PandoDaily ^ | ON MARCH 3, 2014 | BY TIM WORSTALL

Posted on 03/06/2014 1:54:22 AM PST by Swordmaker

Apple’s normally soporific annual shareholder meeting contained a glimmer of interest this year when a shareholder from a conservative think tank asked the company to stop worrying about sustainability, green issues, and climate change and concentrate instead on the bottom line of profitability.

Tim Cook essentially told his interrogator from the National Center for Public Policy Research to go boil his head, which is nice of him and provides good copy. But this fails to elucidate the dilemma that Cook actually faces. He is indeed focusing on the bottom line by taking the actions that he does on these very issues. It’s just that he can’t actually stand up and say that.

As reported in The Mac Observer:

[Cook] didn’t stop there, however, as he looked directly at the NCPPR representative and said, “If you want me to do things only for ROI reasons, you should get out of this stock.”

It was a clear rejection of the climate change denial, anything-for-the-sake-of-profits politics espoused by the NCPPR. It was also an unequivocal message that Apple would continue to invest in sustainable energy and related areas.

The other shareholders clearly agreed that such issues should continue to motivate Apple’s actions: 97 percent of them voted against the original proposal that the company should not take regard of these matters.

And yes, sure, I sign up to Milton Friedman’s idea that a company should be viewed as having one purpose and one purpose only, which is to enrich its shareholders. With a couple of obvious caveats, legality for example, playing their part. However, and here’s the dilemma, it’s not actually obvious that Apple’s activities in green and climate change matters do not in fact add to the bottom line.

Let’s think through the things that it actually does. First, its commitment to the use of renewable energy. Whether solar and Bloom Boxes at the data centre in North Carolina, or in their other offices, there’s no indication that this costs more than other energy sources. Sure, green power isn’t economically viable in most places (although in some locations and uses it is) but it’s not actually the consumer of the power that ends up paying that extra cost. Subsidy systems vary but almost all of them have either the taxpayer or all power consumers paying the extra costs. Things like feed in tariffs and guaranteed prices for renewable electricity mean that all power consumers on the grid are paying the higher costs of that type of power, not just the people who are saying that they’re using green power. So while society as a whole might be paying some extra amount for Apple to be using renewables it’s not in fact Apple that is.

Given my background in the minerals trade I’m also interested in Apple’s work on conflict minerals. Yes, the company just announced that its tantalum supplies (used to make capacitors) are now free of material sourced from slaves and child workers in the DR Congo. But it’s worth noting that it’s done this the cheap and sensible way, through the industry smelter initiative, not the expensive and stupid way proposed by the Enough Project and Global Witness and written into Dodd Frank. A few millions (and it won’t have been more than that) to gain the marketing and bragging rights to being conflict free could very well add, not detract, from the bottom line.

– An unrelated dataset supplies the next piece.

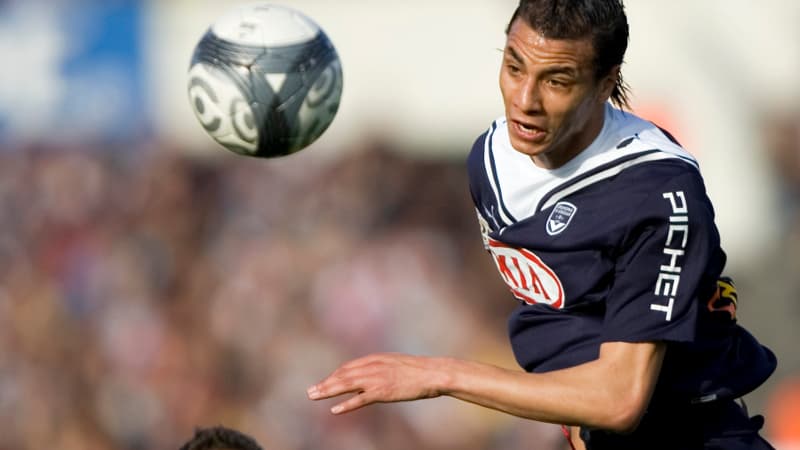 Maroua0ne Chamakh du temps où il évoluait sous le maillot girondin avec Yoann Gourcuff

There are, however, other areas where Apple clearly doesn’t take the environmentally righteous path. For example, all iPads and iPhones are flown from the manufacturing plants to the distribution warehouses. The reason is that the interest on stock is higher than the air freight costs. So, it’s actually cheaper, costs less overall, to fly than ship them by sea. And CO2 emissions be damned where the bottom line is concerned.

Similarly, the teardown companies regularly castigate Apple for building shiny shiny that it almost impossible to upgrade, repair or even recycle. One example is the practice of gluing batteries into place meaning that once you’ve gone through the battery’s lifespan of recharges you’ve got to junk the entire device. Very sustainable that is: but also highly profitable for the company, which gets to sell you a new one.

A closer examination thus seems to show us that Apple does indulge peoples’ green fantasies when it doesn’t cost them much if any money and entirely ignores such greenwashing when it might indeed affect that profit line.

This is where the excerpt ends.